Turn Left at Orion
by Guy Consolmagno and Dan Davis
Third Edition, 2000
hardcover - 224 pages
from Cambridge University Press
Telescopes can be deceptive instruments. We are all familiar with the spectacular wonders revealed by Palomar and the Keck on Mauna Kea, the Hubble Space Telescope and our robot spacecraft. So it seems intuitively obvious to the beginning amateur astronomer with a brand new, expensive telescope (that he's been told will magnify hundreds of times) that galaxies shimmering with billions of stars and swirling nebulae glowing with the unearthly scarlet hues of starbirth will appear as soon as he points that tube to the sky.
Alas, it's not that easy. Most of the deep sky wonders are difficult to even locate and when you finally do so (after an embarrassingly long time if you've got guests waiting to look) what you'll see through the eyepiece looks nothing like what you'll see on TV or in the pages of Astronomy or Sky and Telescope. Perhaps the most commonly heard question at the telescope is, "Is that faint fuzzy thing what I'm supposed to look for?" It's hard not to feel deceived or, at least, disappointed.
That's when an experienced amateur astronomer ought to come to the rescue and explain that those beautiful published images which awed you were taken with huge telescopes that focused light for hours on CCDs (charge-coupled devices) many times more sensitive than the human eye. Computers then processed those data to bring out subtle colors and contrast differences you would never be able to see with your own eyes even if you were out there within those clusters or nebulae or galaxies. The true wonder should lie in knowing that that fuzzy spot is actually a cluster of a million stars twice as old as our Sun and that you are capturing on your eye's retina photons (light) that journeyed 25,000 years through space to your telescope. Real amateur astronomy is a one on one meeting between you and the universe.
Now, if you don't happen to have an experienced amateur astronomer living next door, Turn Left at Orion is the next best thing.

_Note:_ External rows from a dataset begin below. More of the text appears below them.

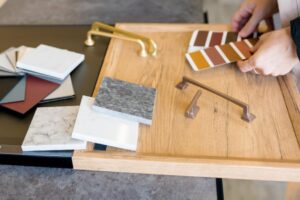 A person's hands holding several paint color samples over a small wooden workdesk, alongside counter material samples and different styles of cabinet handles.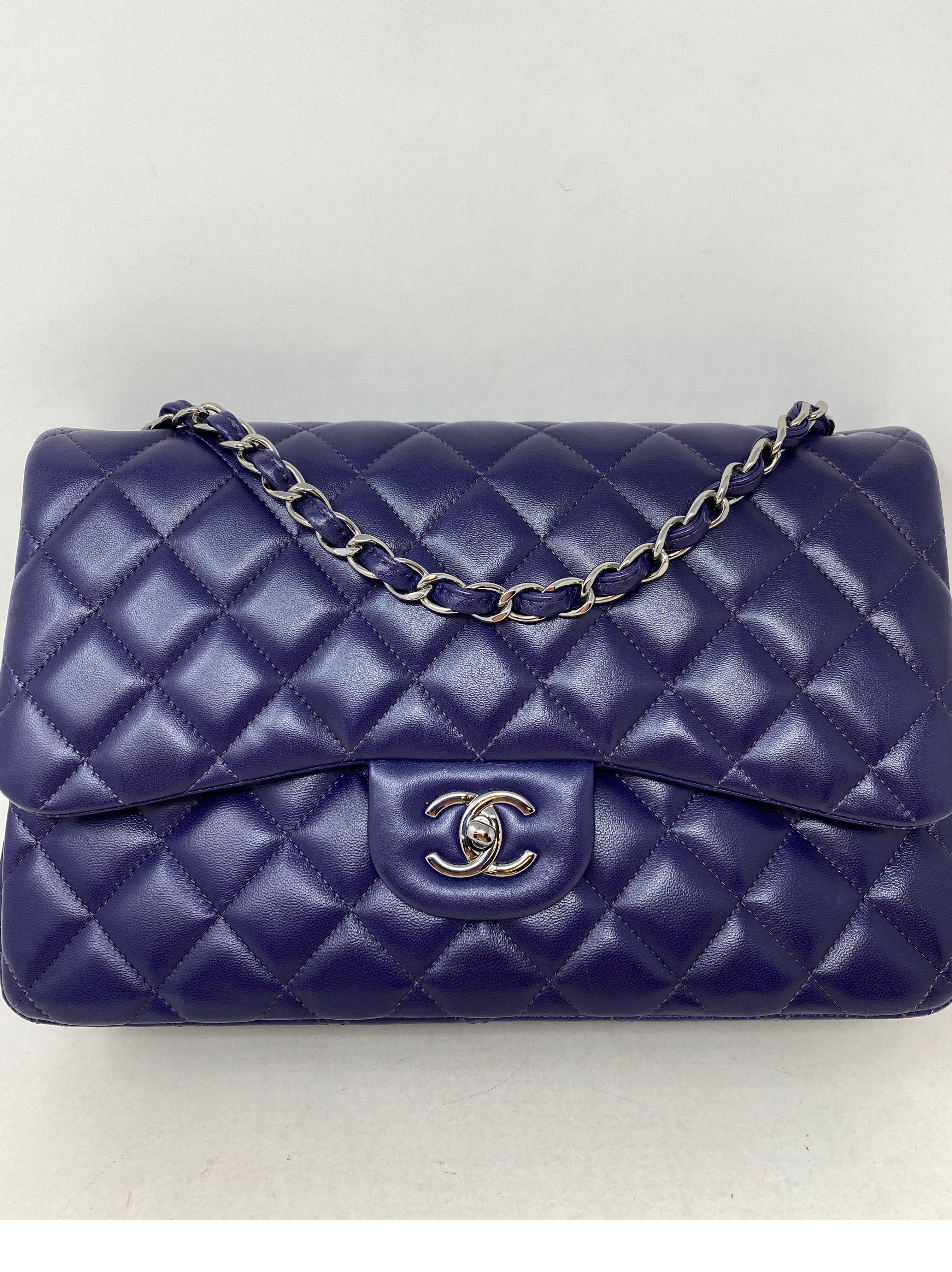 Chanel Purple Jumbo Double Flap Bag. Beautiful grape purple color. Lambskin leather Chanel. Excellent condition. Rare color and silver hardware. Can be worn as a crossbody or doubled strap as a shoulder bag. Includes full set. Authenticity card,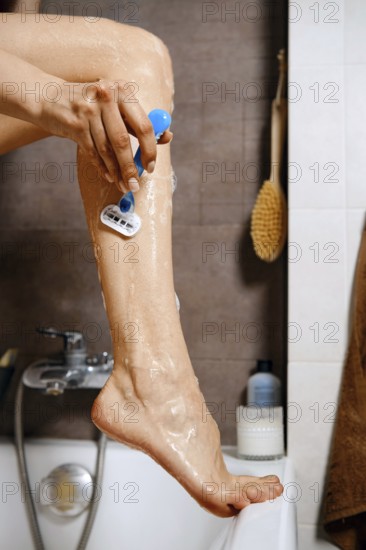Unrecognizable woman put her leg on the edge of a bathtub and using a razor to shave her leg. Shaving cream covers the skin. The bathroom has a tidy setup with bath products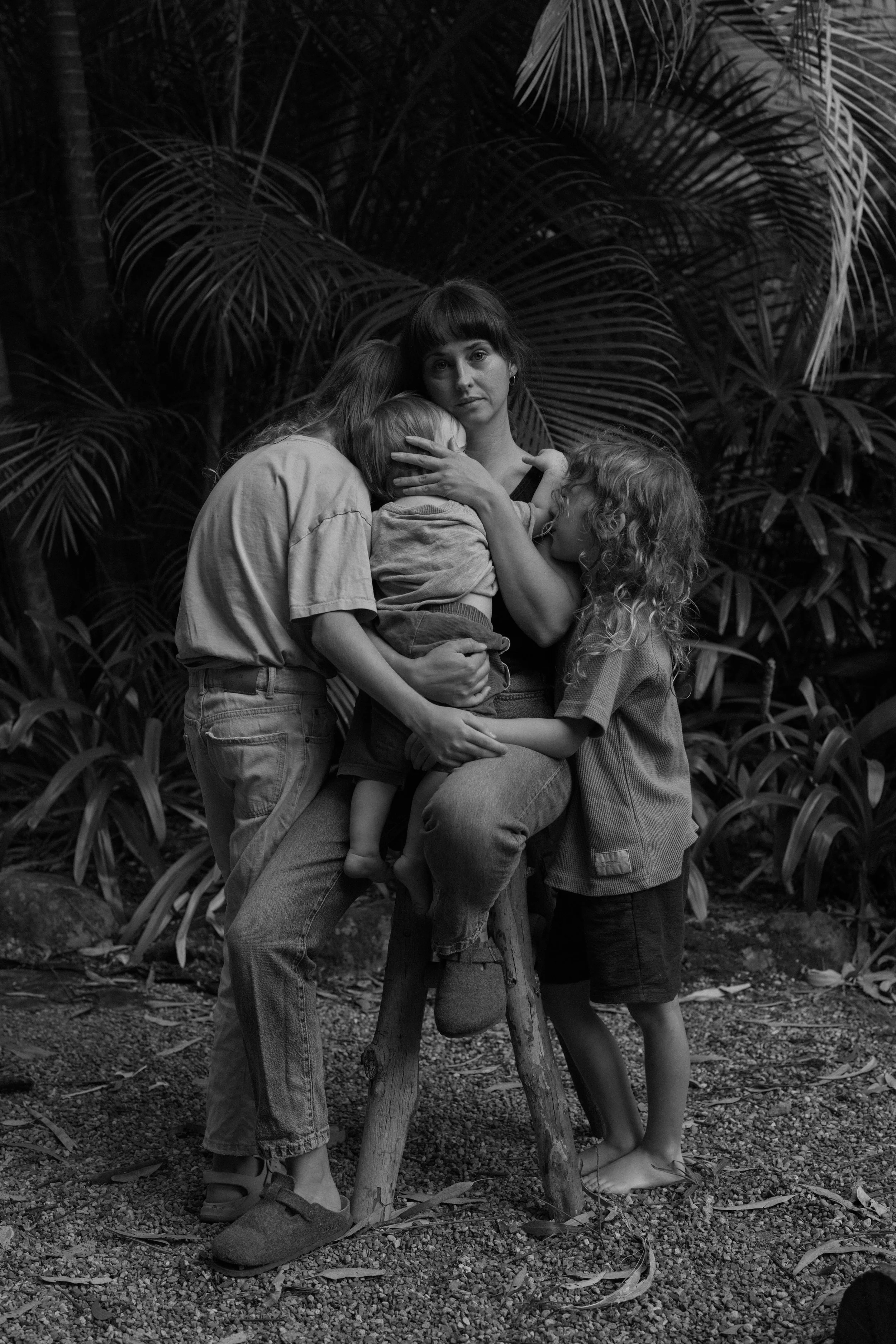 A woman with three children in a jungle setting, embracing and comforting each other. The scene is in black and white.
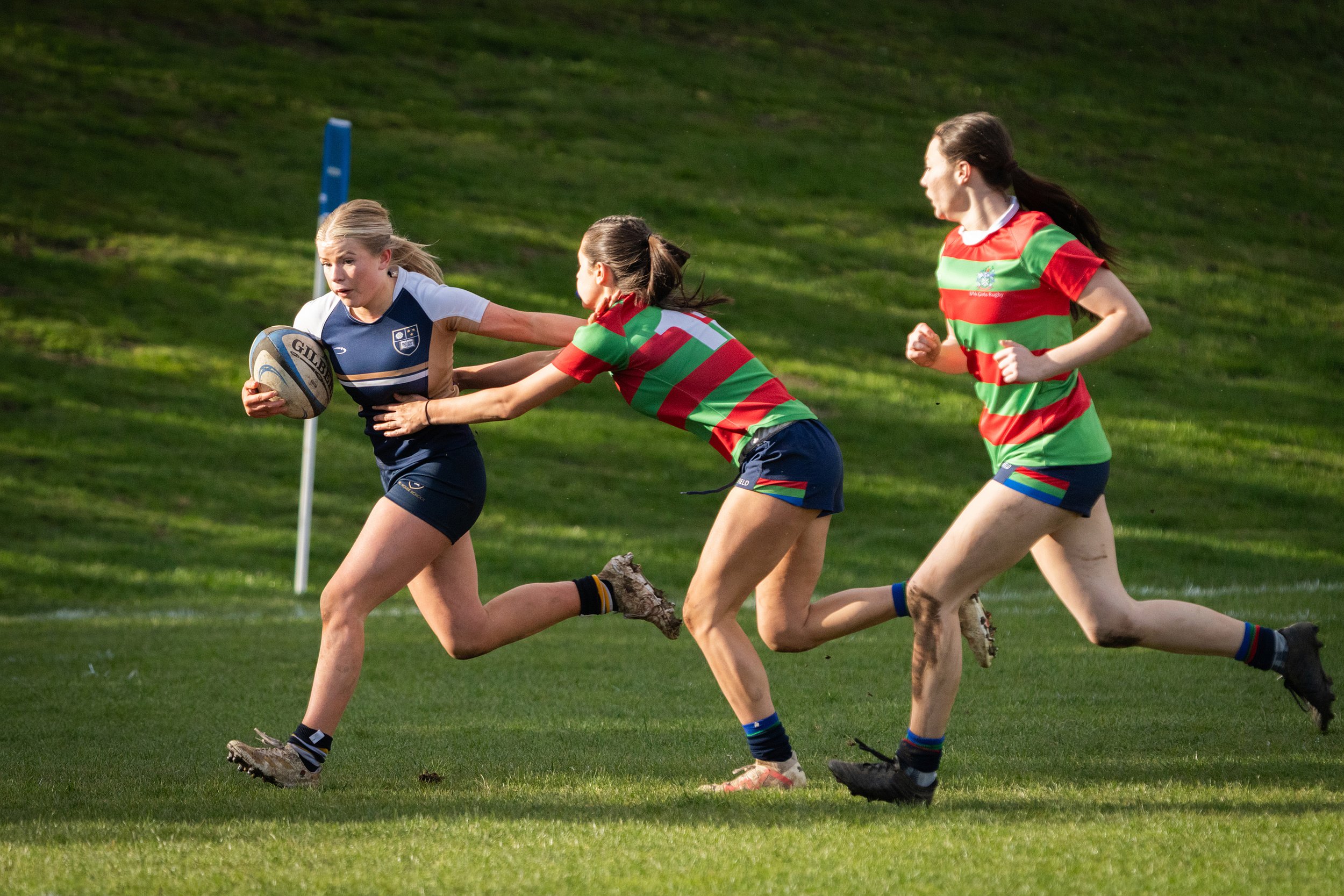 Women playing rugby, running on a grass field, with three women in focus, one holding a rugby ball, wearing sports uniforms.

Since it first appeared in 1989, Turn Left at Orion has been rightly recognized as a classic, possibly the best single guide for a new telescope owner. It is not a spectacular or beautiful book, but a practical one. There are no Hubble deep field images or colorful David Mallon photospreads from the ultradark Andean skies, just black and white pencil and line drawings. What makes Turn Left so good is that it explains to the beginner in simple language exactly how to easily locate the 100 night sky objects profiled, what they will realistically look like in your eyepiece, and why you might be interested in them.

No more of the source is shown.